→ Task input
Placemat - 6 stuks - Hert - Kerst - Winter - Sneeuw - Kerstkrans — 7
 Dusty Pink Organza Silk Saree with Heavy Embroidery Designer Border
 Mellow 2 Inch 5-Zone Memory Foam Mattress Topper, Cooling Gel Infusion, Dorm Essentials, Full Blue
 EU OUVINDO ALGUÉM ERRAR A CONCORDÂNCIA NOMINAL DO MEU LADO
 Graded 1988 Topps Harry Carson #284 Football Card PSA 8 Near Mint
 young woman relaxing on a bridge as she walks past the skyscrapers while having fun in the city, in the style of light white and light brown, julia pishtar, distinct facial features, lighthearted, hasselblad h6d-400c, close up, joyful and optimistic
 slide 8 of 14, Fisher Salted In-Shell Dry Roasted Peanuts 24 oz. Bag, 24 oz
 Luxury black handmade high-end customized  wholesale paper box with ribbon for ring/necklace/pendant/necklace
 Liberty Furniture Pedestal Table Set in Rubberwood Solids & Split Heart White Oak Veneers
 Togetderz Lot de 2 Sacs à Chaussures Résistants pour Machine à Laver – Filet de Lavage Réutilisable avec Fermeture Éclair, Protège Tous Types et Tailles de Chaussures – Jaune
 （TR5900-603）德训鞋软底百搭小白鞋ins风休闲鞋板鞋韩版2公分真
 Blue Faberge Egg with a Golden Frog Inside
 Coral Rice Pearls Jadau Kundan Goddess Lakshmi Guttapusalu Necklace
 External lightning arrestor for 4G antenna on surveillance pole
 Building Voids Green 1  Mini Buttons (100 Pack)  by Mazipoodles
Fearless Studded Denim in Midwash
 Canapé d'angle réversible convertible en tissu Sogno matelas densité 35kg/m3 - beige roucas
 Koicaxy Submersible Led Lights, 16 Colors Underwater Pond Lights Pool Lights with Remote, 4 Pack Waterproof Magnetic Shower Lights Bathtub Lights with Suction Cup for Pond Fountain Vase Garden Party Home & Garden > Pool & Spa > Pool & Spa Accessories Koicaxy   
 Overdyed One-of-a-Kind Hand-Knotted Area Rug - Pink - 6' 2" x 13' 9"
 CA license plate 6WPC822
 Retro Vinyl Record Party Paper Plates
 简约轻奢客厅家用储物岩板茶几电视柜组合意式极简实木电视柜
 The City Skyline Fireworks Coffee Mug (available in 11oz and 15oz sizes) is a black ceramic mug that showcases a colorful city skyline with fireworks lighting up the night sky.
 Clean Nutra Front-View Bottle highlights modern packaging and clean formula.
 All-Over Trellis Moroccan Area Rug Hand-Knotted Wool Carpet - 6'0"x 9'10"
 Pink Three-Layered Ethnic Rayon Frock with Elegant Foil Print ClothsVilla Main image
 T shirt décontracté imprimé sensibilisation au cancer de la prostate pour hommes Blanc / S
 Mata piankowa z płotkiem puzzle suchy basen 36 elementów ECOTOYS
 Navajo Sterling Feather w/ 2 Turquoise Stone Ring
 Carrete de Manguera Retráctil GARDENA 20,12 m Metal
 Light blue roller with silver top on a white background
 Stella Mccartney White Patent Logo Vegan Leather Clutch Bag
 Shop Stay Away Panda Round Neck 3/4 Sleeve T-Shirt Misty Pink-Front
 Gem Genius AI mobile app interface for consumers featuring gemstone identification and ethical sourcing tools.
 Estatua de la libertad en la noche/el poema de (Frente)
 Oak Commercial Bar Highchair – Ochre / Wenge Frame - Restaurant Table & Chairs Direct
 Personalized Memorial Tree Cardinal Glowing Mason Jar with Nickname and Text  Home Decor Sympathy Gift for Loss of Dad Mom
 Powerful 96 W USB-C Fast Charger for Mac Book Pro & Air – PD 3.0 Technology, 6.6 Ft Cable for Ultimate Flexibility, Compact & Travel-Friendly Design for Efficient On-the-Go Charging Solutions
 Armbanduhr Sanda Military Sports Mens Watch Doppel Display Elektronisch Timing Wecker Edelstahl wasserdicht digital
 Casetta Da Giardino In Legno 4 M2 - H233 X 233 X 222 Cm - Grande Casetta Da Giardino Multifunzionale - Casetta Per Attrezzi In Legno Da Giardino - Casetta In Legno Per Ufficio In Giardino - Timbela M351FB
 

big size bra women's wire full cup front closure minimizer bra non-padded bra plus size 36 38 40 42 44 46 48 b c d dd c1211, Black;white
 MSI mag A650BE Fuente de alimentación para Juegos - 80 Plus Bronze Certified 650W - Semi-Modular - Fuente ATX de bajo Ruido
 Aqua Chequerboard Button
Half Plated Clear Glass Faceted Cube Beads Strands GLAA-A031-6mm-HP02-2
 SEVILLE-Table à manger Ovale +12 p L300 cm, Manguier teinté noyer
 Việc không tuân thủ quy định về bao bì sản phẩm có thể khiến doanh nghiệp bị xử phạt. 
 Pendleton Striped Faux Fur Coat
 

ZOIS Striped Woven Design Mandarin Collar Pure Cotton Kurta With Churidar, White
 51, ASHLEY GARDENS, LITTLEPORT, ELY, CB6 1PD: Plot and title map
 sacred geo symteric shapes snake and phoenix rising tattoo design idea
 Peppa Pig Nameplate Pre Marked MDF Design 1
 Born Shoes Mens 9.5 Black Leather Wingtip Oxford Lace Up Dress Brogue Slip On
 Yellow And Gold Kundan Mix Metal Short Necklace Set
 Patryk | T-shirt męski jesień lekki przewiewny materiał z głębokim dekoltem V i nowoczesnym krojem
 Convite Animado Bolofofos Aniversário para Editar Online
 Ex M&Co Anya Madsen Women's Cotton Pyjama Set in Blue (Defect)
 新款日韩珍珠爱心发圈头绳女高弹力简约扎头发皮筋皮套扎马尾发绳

→ Problem
Output the entire set of records exactly as shown.

→ Your solution
Placemat - 6 stuks - Hert - Kerst - Winter - Sneeuw - Kerstkrans — 7
 Dusty Pink Organza Silk Saree with Heavy Embroidery Designer Border
 Mellow 2 Inch 5-Zone Memory Foam Mattress Topper, Cooling Gel Infusion, Dorm Essentials, Full Blue
 EU OUVINDO ALGUÉM ERRAR A CONCORDÂNCIA NOMINAL DO MEU LADO
 Graded 1988 Topps Harry Carson #284 Football Card PSA 8 Near Mint
 young woman relaxing on a bridge as she walks past the skyscrapers while having fun in the city, in the style of light white and light brown, julia pishtar, distinct facial features, lighthearted, hasselblad h6d-400c, close up, joyful and optimistic
 slide 8 of 14, Fisher Salted In-Shell Dry Roasted Peanuts 24 oz. Bag, 24 oz
 Luxury black handmade high-end customized  wholesale paper box with ribbon for ring/necklace/pendant/necklace
 Liberty Furniture Pedestal Table Set in Rubberwood Solids & Split Heart White Oak Veneers
 Togetderz Lot de 2 Sacs à Chaussures Résistants pour Machine à Laver – Filet de Lavage Réutilisable avec Fermeture Éclair, Protège Tous Types et Tailles de Chaussures – Jaune
 （TR5900-603）德训鞋软底百搭小白鞋ins风休闲鞋板鞋韩版2公分真
 Blue Faberge Egg with a Golden Frog Inside
 Coral Rice Pearls Jadau Kundan Goddess Lakshmi Guttapusalu Necklace
 External lightning arrestor for 4G antenna on surveillance pole
 Building Voids Green 1  Mini Buttons (100 Pack)  by Mazipoodles
Fearless Studded Denim in Midwash
 Canapé d'angle réversible convertible en tissu Sogno matelas densité 35kg/m3 - beige roucas
 Koicaxy Submersible Led Lights, 16 Colors Underwater Pond Lights Pool Lights with Remote, 4 Pack Waterproof Magnetic Shower Lights Bathtub Lights with Suction Cup for Pond Fountain Vase Garden Party Home & Garden > Pool & Spa > Pool & Spa Accessories Koicaxy   
 Overdyed One-of-a-Kind Hand-Knotted Area Rug - Pink - 6' 2" x 13' 9"
 CA license plate 6WPC822
 Retro Vinyl Record Party Paper Plates
 简约轻奢客厅家用储物岩板茶几电视柜组合意式极简实木电视柜
 The City Skyline Fireworks Coffee Mug (available in 11oz and 15oz sizes) is a black ceramic mug that showcases a colorful city skyline with fireworks lighting up the night sky.
 Clean Nutra Front-View Bottle highlights modern packaging and clean formula.
 All-Over Trellis Moroccan Area Rug Hand-Knotted Wool Carpet - 6'0"x 9'10"
 Pink Three-Layered Ethnic Rayon Frock with Elegant Foil Print ClothsVilla Main image
 T shirt décontracté imprimé sensibilisation au cancer de la prostate pour hommes Blanc / S
 Mata piankowa z płotkiem puzzle suchy basen 36 elementów ECOTOYS
 Navajo Sterling Feather w/ 2 Turquoise Stone Ring
 Carrete de Manguera Retráctil GARDENA 20,12 m Metal
 Light blue roller with silver top on a white background
 Stella Mccartney White Patent Logo Vegan Leather Clutch Bag
 Shop Stay Away Panda Round Neck 3/4 Sleeve T-Shirt Misty Pink-Front
 Gem Genius AI mobile app interface for consumers featuring gemstone identification and ethical sourcing tools.
 Estatua de la libertad en la noche/el poema de (Frente)
 Oak Commercial Bar Highchair – Ochre / Wenge Frame - Restaurant Table & Chairs Direct
 Personalized Memorial Tree Cardinal Glowing Mason Jar with Nickname and Text  Home Decor Sympathy Gift for Loss of Dad Mom
 Powerful 96 W USB-C Fast Charger for Mac Book Pro & Air – PD 3.0 Technology, 6.6 Ft Cable for Ultimate Flexibility, Compact & Travel-Friendly Design for Efficient On-the-Go Charging Solutions
 Armbanduhr Sanda Military Sports Mens Watch Doppel Display Elektronisch Timing Wecker Edelstahl wasserdicht digital
 Casetta Da Giardino In Legno 4 M2 - H233 X 233 X 222 Cm - Grande Casetta Da Giardino Multifunzionale - Casetta Per Attrezzi In Legno Da Giardino - Casetta In Legno Per Ufficio In Giardino - Timbela M351FB
 

big size bra women's wire full cup front closure minimizer bra non-padded bra plus size 36 38 40 42 44 46 48 b c d dd c1211, Black;white
 MSI mag A650BE Fuente de alimentación para Juegos - 80 Plus Bronze Certified 650W - Semi-Modular - Fuente ATX de bajo Ruido
 Aqua Chequerboard Button
Half Plated Clear Glass Faceted Cube Beads Strands GLAA-A031-6mm-HP02-2
 SEVILLE-Table à manger Ovale +12 p L300 cm, Manguier teinté noyer
 Việc không tuân thủ quy định về bao bì sản phẩm có thể khiến doanh nghiệp bị xử phạt. 
 Pendleton Striped Faux Fur Coat
 

ZOIS Striped Woven Design Mandarin Collar Pure Cotton Kurta With Churidar, White
 51, ASHLEY GARDENS, LITTLEPORT, ELY, CB6 1PD: Plot and title map
 sacred geo symteric shapes snake and phoenix rising tattoo design idea
 Peppa Pig Nameplate Pre Marked MDF Design 1
 Born Shoes Mens 9.5 Black Leather Wingtip Oxford Lace Up Dress Brogue Slip On
 Yellow And Gold Kundan Mix Metal Short Necklace Set
 Patryk | T-shirt męski jesień lekki przewiewny materiał z głębokim dekoltem V i nowoczesnym krojem
 Convite Animado Bolofofos Aniversário para Editar Online
 Ex M&Co Anya Madsen Women's Cotton Pyjama Set in Blue (Defect)
 新款日韩珍珠爱心发圈头绳女高弹力简约扎头发皮筋皮套扎马尾发绳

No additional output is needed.